Page 10 - RusRPTSept22
P. 10

 2.0 Politics
2.1 The CBR publishes a gloomy monetary policy outlook
     The Central Bank of Russia (CBR) published a gloomy monetary policy outlook at the start of August and financial market development plan drafts for the years 2023–25 that says the task of monetary policy and financial markets is to support the economy's adaptation to a more difficult economic operating environment.
The most important goals are to keep inflation moderate (4%), channel funding to key investments and reduce the financial system's dependence on the so-called unfriendly countries.
In order to support investments, the central bank estimates that it can introduce various regulatory and other measures. However, a taxonomy must be drawn up for all public sector support measures, which defines the criteria for investment projects that promote technological sovereignty and economic modernization that are eligible for support.

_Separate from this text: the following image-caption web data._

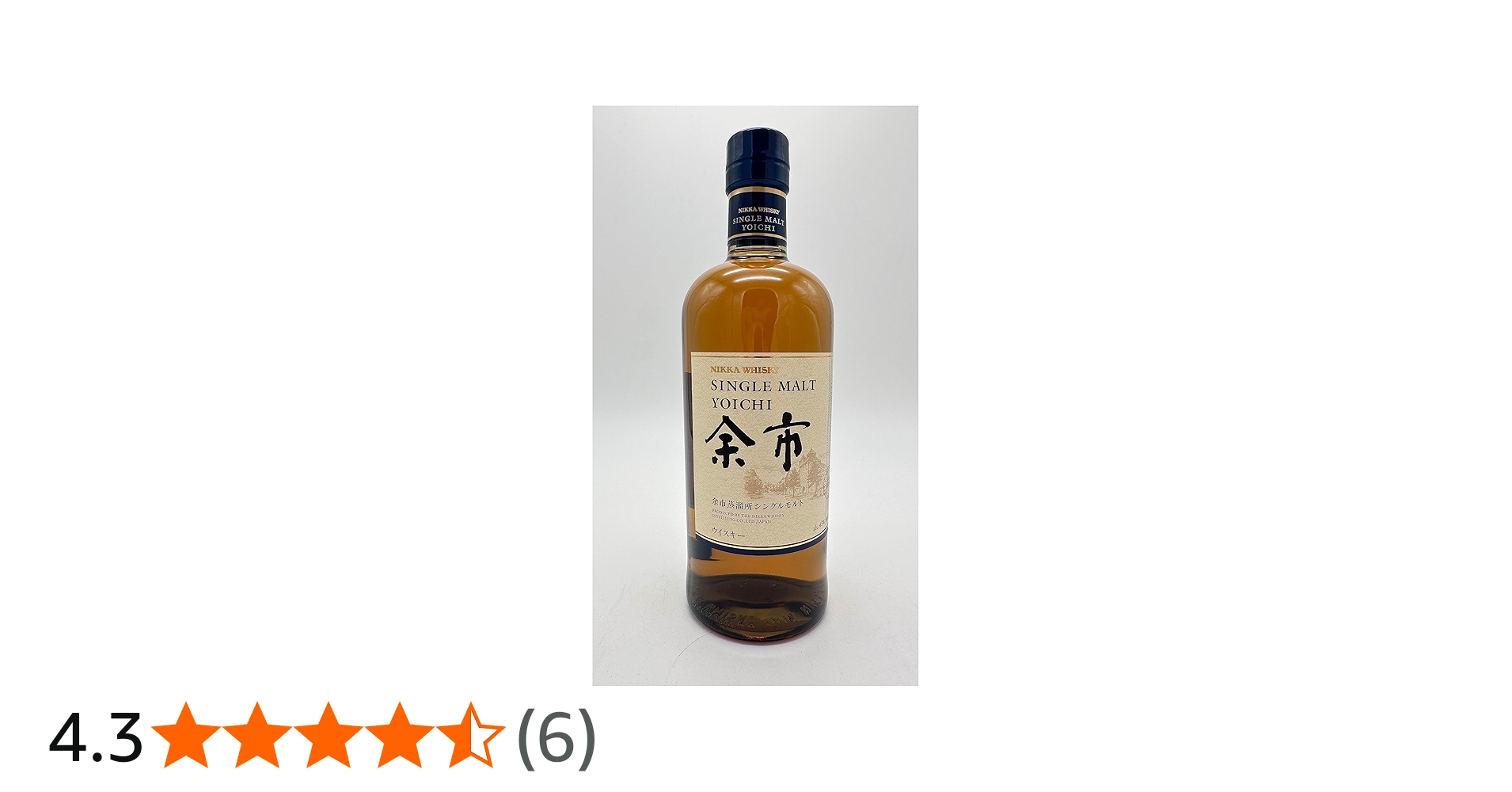 Amazon.co.jp: ニッカ 余市 シングルモルト ウイスキー 45% 700ml 箱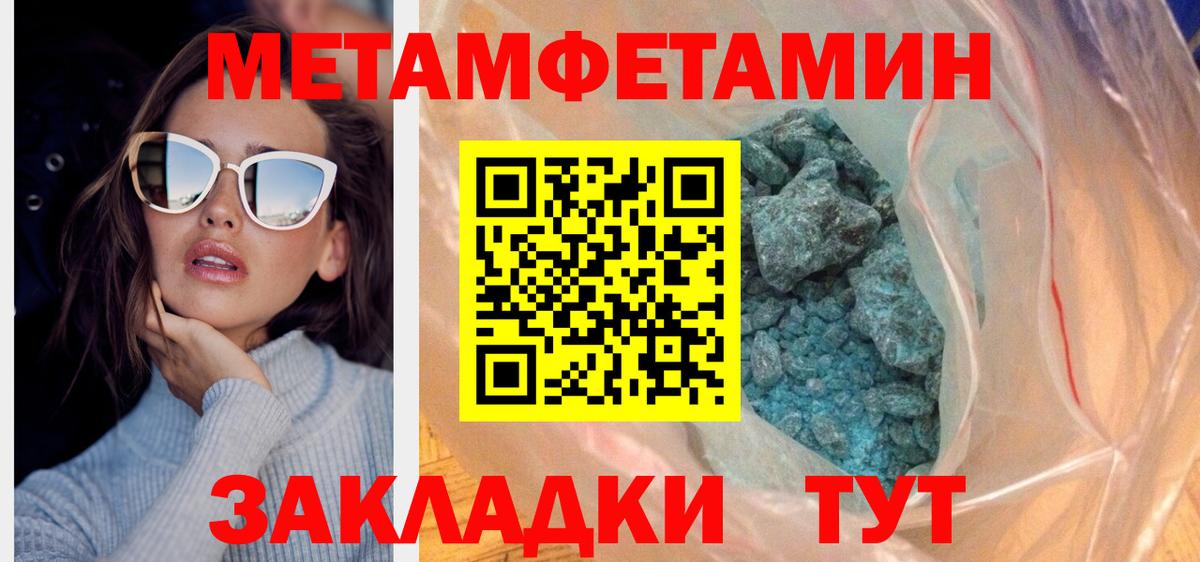 Нижнекамск  АМФ  Вход с VPN  Амфетамин VHQ 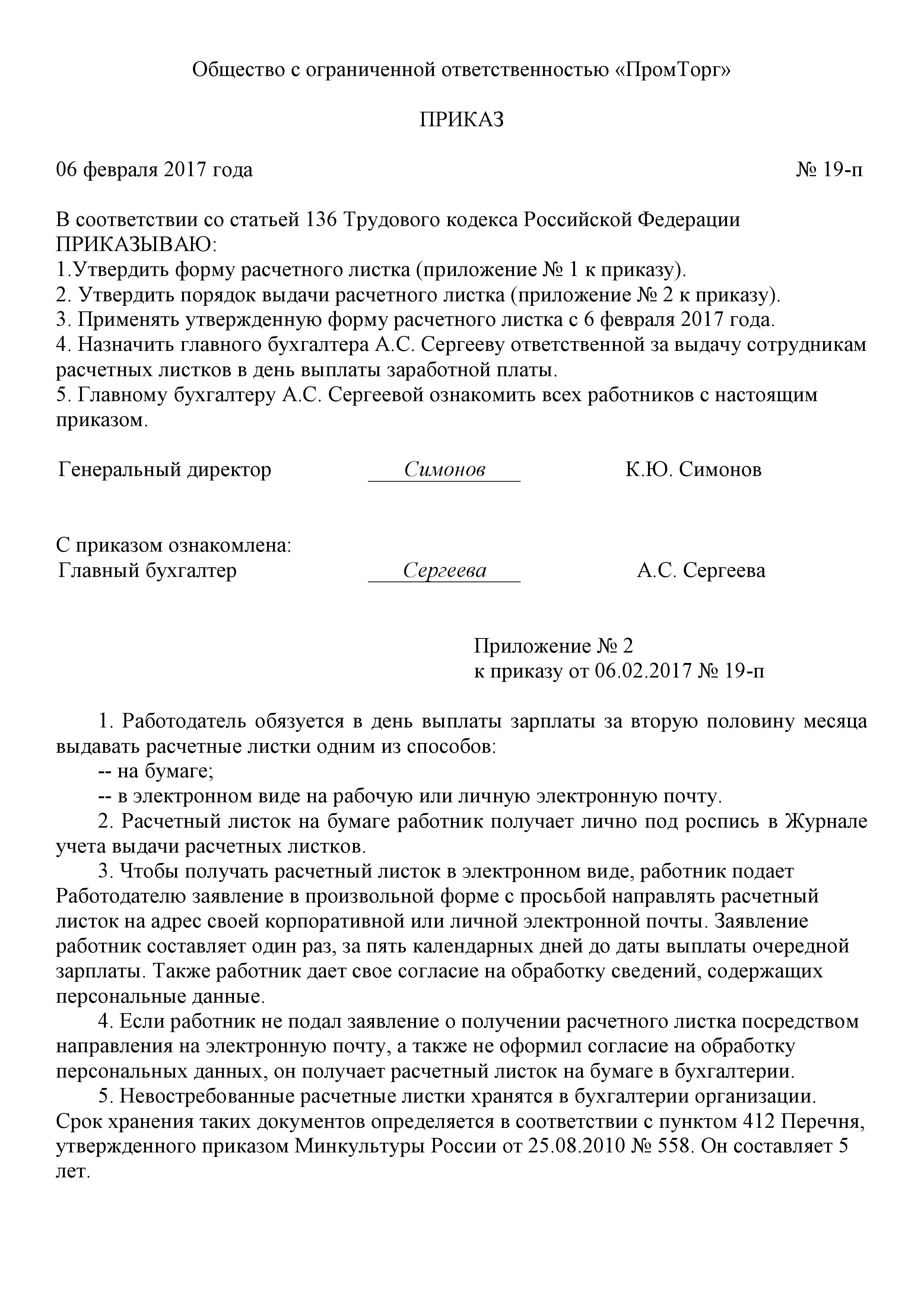 Заявление на рассылку расчетного листа на электронную почту образец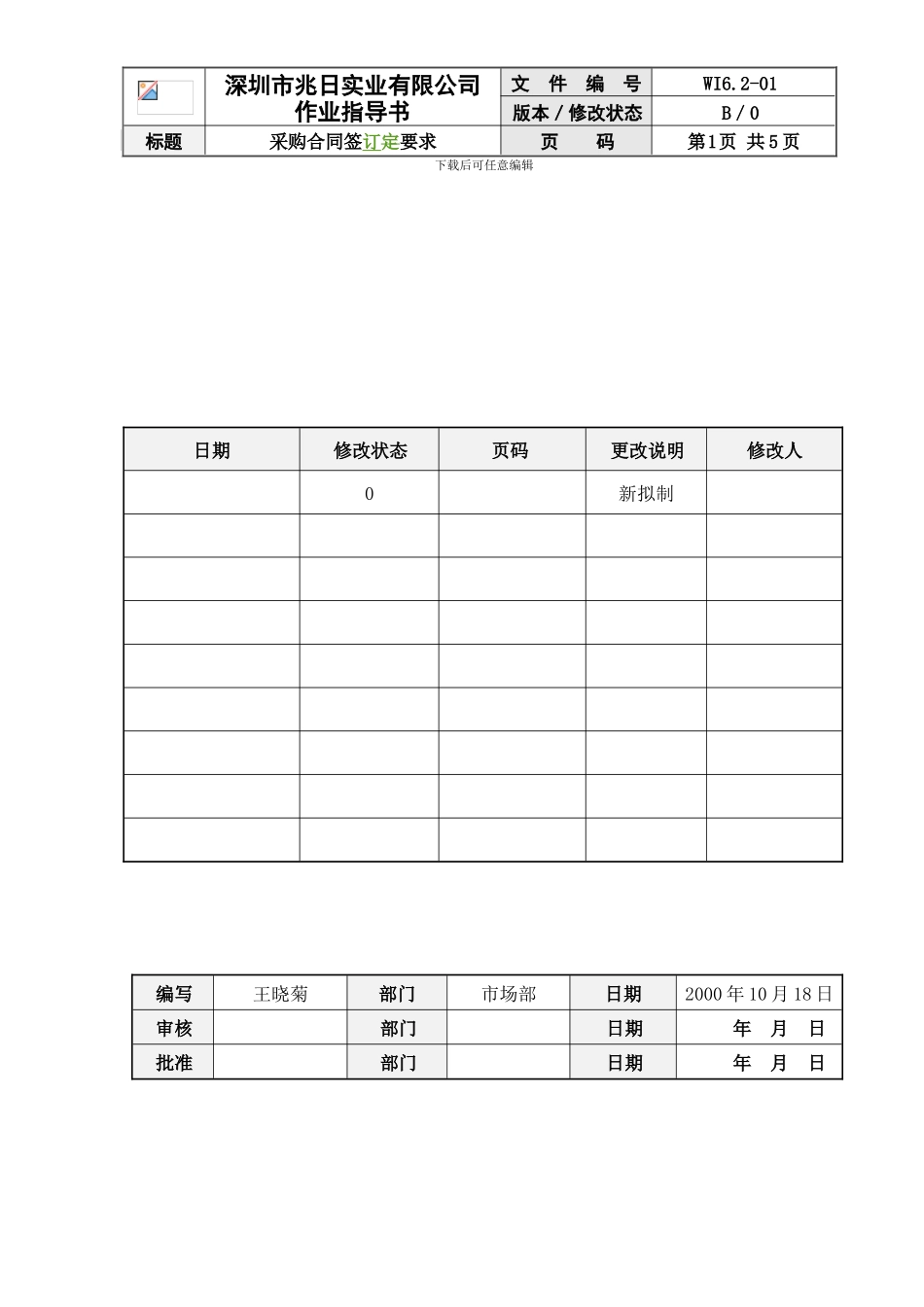 采购合同签订要求_第1页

In addition, household savings should be channelled more efficiently to finance investments, e.g. by increasing pension savings and expanding the investment opportunities of pension funds and by expanding the supply of company shares and bonds directly to individuals.
In order to curb the vulnerability of the financial system, the central bank proposes regulatory measures to reduce the use of currencies of countries considered unfriendly in the banking sector and as contractual currency.
In the future, the restrictions on capital movements will only be aimed at countries considered unfriendly. Efforts are being made to promote international payment traffic in other currencies. In the financial sector, the use of domestic credit ratings and software must be increased, for example. The Central Bank also states that it does not intend to redeem the assets of Russian financial institutions frozen abroad.
In the central bank's basic forecast, Russia's GDP is expected to shrink by a total of 5–10% this year and next year and to return to moderate growth of 1.5–2.5% in 2024–25.
Private consumption is expected to decrease by 5–10% and investments by 4–12% during the years 2022–23.
The central bank estimates a 20–30% drop in exports and 25–35% in imports.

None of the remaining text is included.